Envoyer à un ami | Version à imprimer | Version en PDF

PVD et paradis Fiscaux

par Kharroubi Habib

Le G20 a eu beau déclarer la guerre aux «paradis fiscaux» dont l'existence empêche une réelle réforme du système financier international en perpétuant les plus graves excès du capitalisme financier et le blanchiment des opérations douteuses, voire criminelles en regard des législations des autres Etats de la planète, ils continuent de prospérer, même si les pays qui les abritent ont promis-juré de mettre un terme à leurs pratiques qui gangrènent l'économie mondiale. En fait, aucun système de sanction digne de ce nom n'a été décidé contre ces parasites, qui aurait contraint ces Etats à respecter leurs engagements.

Ces «paradis fiscaux», bien qu'officiellement déclarés obstacles à l'instauration d'un système financier international transparent et contrôlable dans son fonctionnement, continueront d'exister pour l'irrécusable raison que les puissants, politiques, financiers ou affairistes, ont besoin d'eux et continuent d'y avoir recours. Un rapport sur ces paradis fiscaux, commandé par le gouvernement norvégien à une commission d'experts, dont Eva Joly, l'ancienne et célèbre magistrate franco-norvégienne, a fait partie, a été remis à la mi-juin aux autorités d'Oslo. Le résultat du rapport est édifiant. Les experts quantifient les flux financiers illégaux qui transitent en moyenne annuelle par les paradis fiscaux de la planète à 10.000 à 12.000 milliards. Sommes phénoménales qui démontrent la massification du recours aux circuits opaques et incontrôlables qu'offrent ces paradis fiscaux.

Toutes les économies de la planète sont finalement concernées par cette effarante hémorragie provoquée par les pratiques illégales que permettent et protègent ces circuits. Les pays du Sud dits en «voie de développement» contribuent à ces flux quantifiés par les experts norvégiens. La part de «leur contribution» a été estimée par ceux-si à 20% des dépôts dans les paradis fiscaux, soit «une somme comprise entre 2.200 et 2.400 milliards», ce qui équivaut à «trente fois ce que les pays en voie de développement reçoivent sous forme d'aide».

L'on comprend que les dirigeants de ces pays aient observé une «prudente réserve» à l'égard de la charge menée par le G20 contre les paradis fiscaux.
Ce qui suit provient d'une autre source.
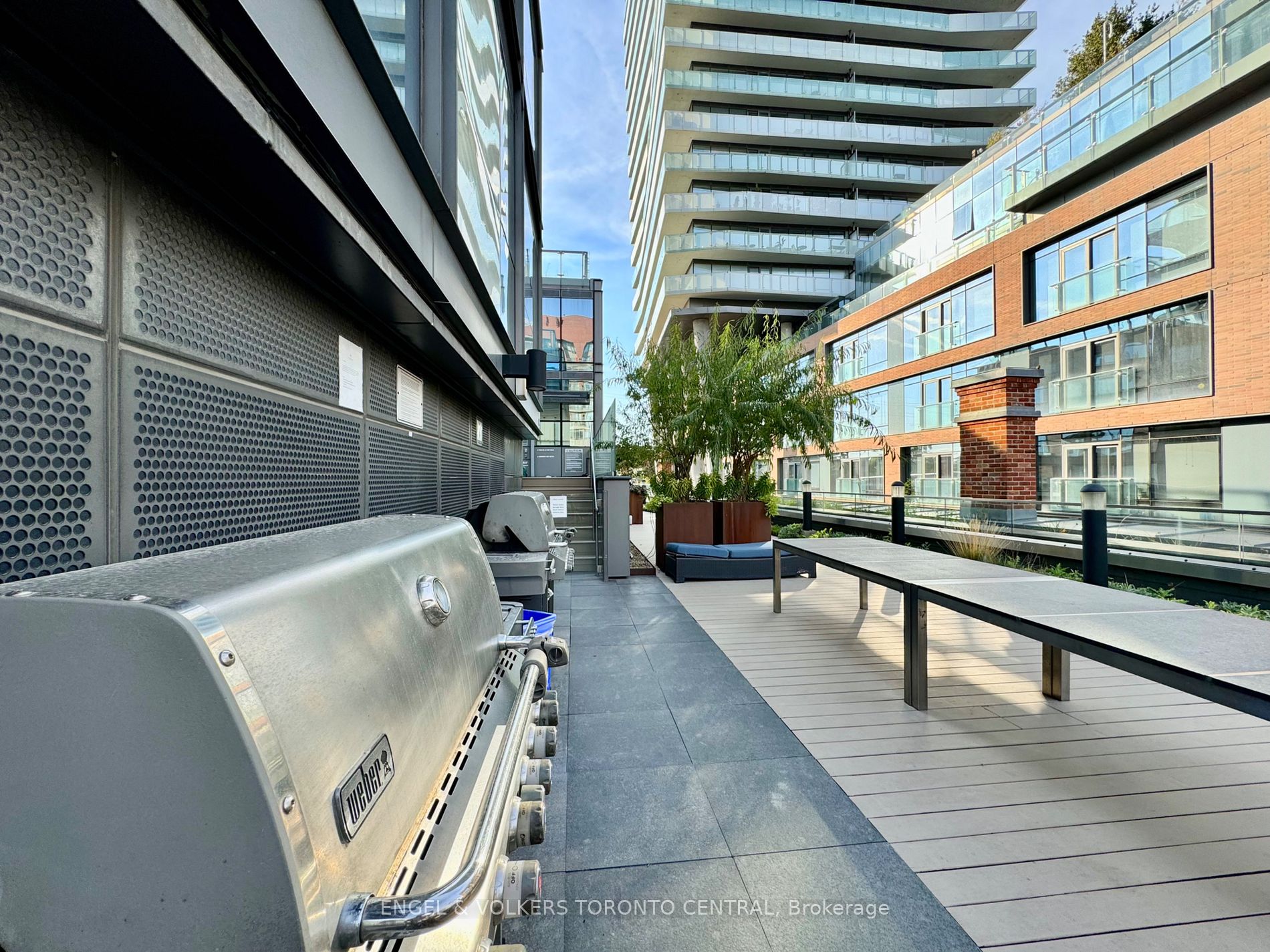 390 Cherry St, #2202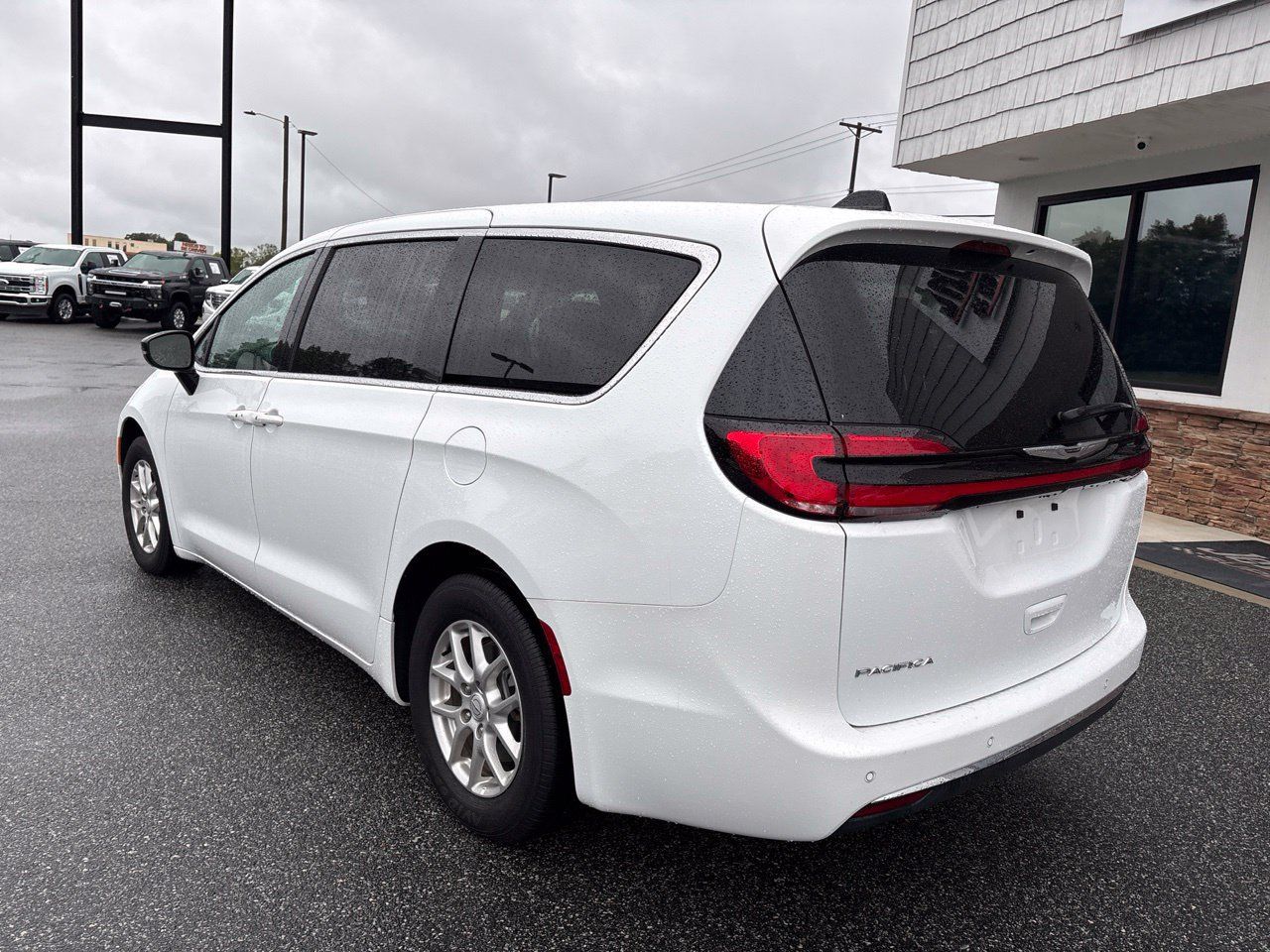 Used 2025 Chrysler Pacifica Select FWD image 7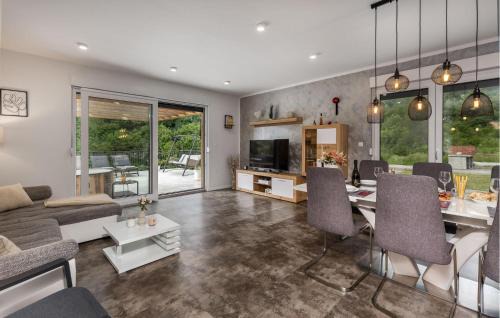 Seliste Dreznicko House | Stunning Home In Seliste Dreznicko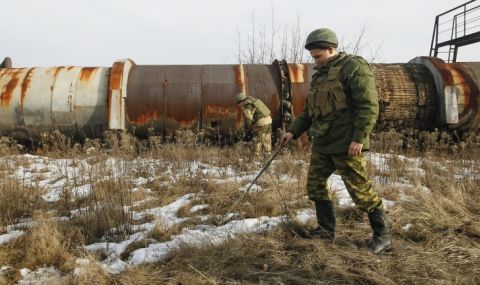 Шестима украински експерти по взривни вещества загинаха при руски обстрел - 1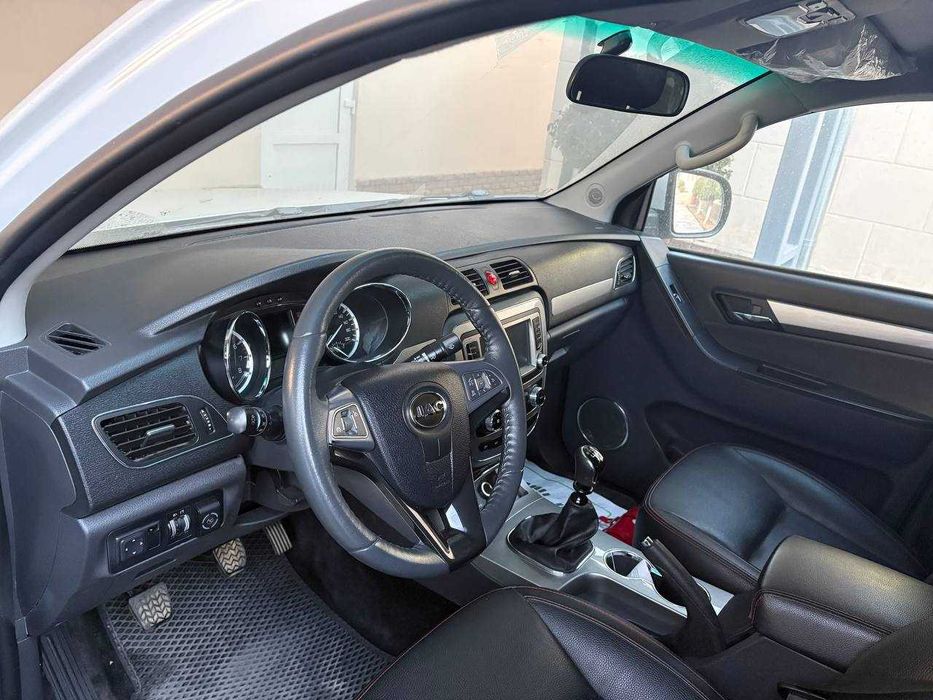 Срочно продам машину JAC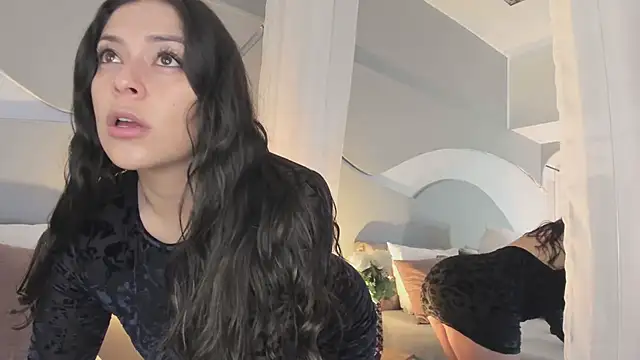 Nicolle W online show from 12.02.25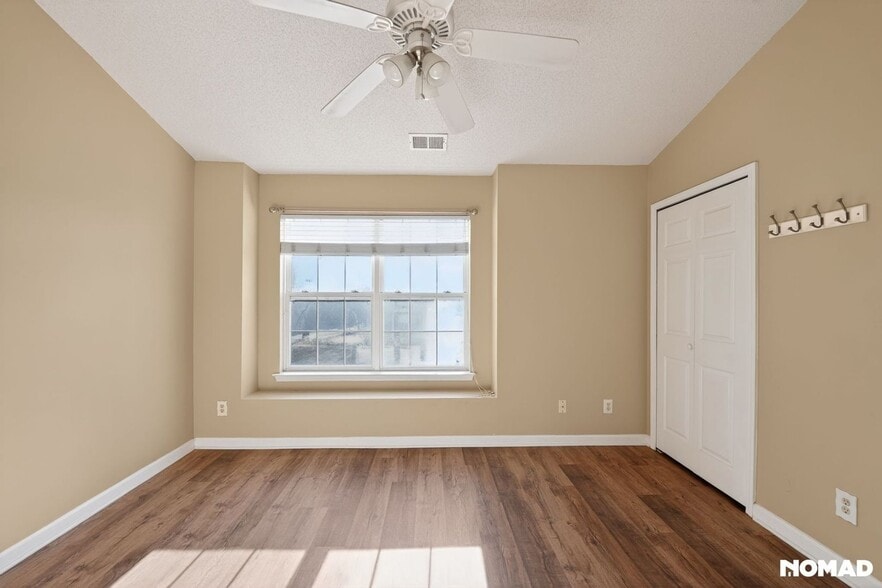 Building Photo - 6319 Sweetbay Dr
On le comprend d'autant mieux que le rapport établit que ces paradis fiscaux «favorisent la corruption et les escroqueries menées par les hommes politiques des PVD sur l'aide au développement, les ressources naturelles et les deniers publics», et qu'ils contribuent à «la gangstérisation des systèmes politiques de ces pays».

C'est l'évidence que les gouvernants du Sud n'ont pas intérêt à ce qu'il soit mis fin à l'existence de ces places financières, où en majorité ils abritent le fruit de leurs rapines, et qu'ils n'encourageront pas les initiatives internationales destinées à y mettre un terme. Il n'y a pas en effet pire menace pour eux que le dévoilement des transferts qui s'effectuent des pays en voie de développement vers ces paradis fiscaux.

Si tous les pays du monde sont victimes des évasions financières que permettent les paradis fiscaux, ceux du Sud le sont d'une façon plus dramatique car c'est leurs chances de sortir de la spirale du sous-développement qui en sont ruinées, du moment que ce sont leurs propres dirigeants étatiques qui ont ce comportement maffieux, encouragé par l'existence de places refuges au fruit de leurs accaparement et détournement des ressources financières nationales.